Warehouses not only serve the purpose of ensuring the safekeeping of goods transferred therein, they also enable the participation of such goods in the market during the period of their storage. Such a function cannot be performed by every warehouse, it is possible only at the so-called logistic centres.
The term “goods” is used to express not the type of the warehouse, but its purpose. By the way of the storage of goods, warehouses ensure both their participation in the market and a possibility for their future disposal. In order to achieve this purpose, warehouse warrants have been introduced.

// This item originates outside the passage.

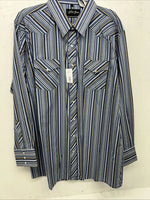 New Men’s Blue Stripped White House Pearl Snap Long Sleeve Shirt. XXL G-64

Warehouse warrants confirm the conclusion of a contract for the storage of goods, which is a type of a contract for deposit. At the same time, those documents enable the commodities under storage in the warehouses to be used profitably in credit relationships, i.e. in acquiring a loan by using warehouse warrants as collateral for the commodities, as well as by mortgaging the warrants themselves as securities. A warehouse warrant conforms to the value of the commodity under storage and makes it possible to be used instead of the commodity in order to ensure the circulation of commodities while they are stored in the warehouse. Such documents representing/ certifying commodities facilitate and expedite the conclusion of contracts, therefore, to some extent they can be seen as performing an organisational function – to facilitate market circulation. A warehouse warrant is a unique kind of document in the sense that it has a dual legal nature: it is a security and at the same time it is also a document to certify the right to dispose of the commodities, therefore its transfer is equivalent to a transfer of commodities themselves.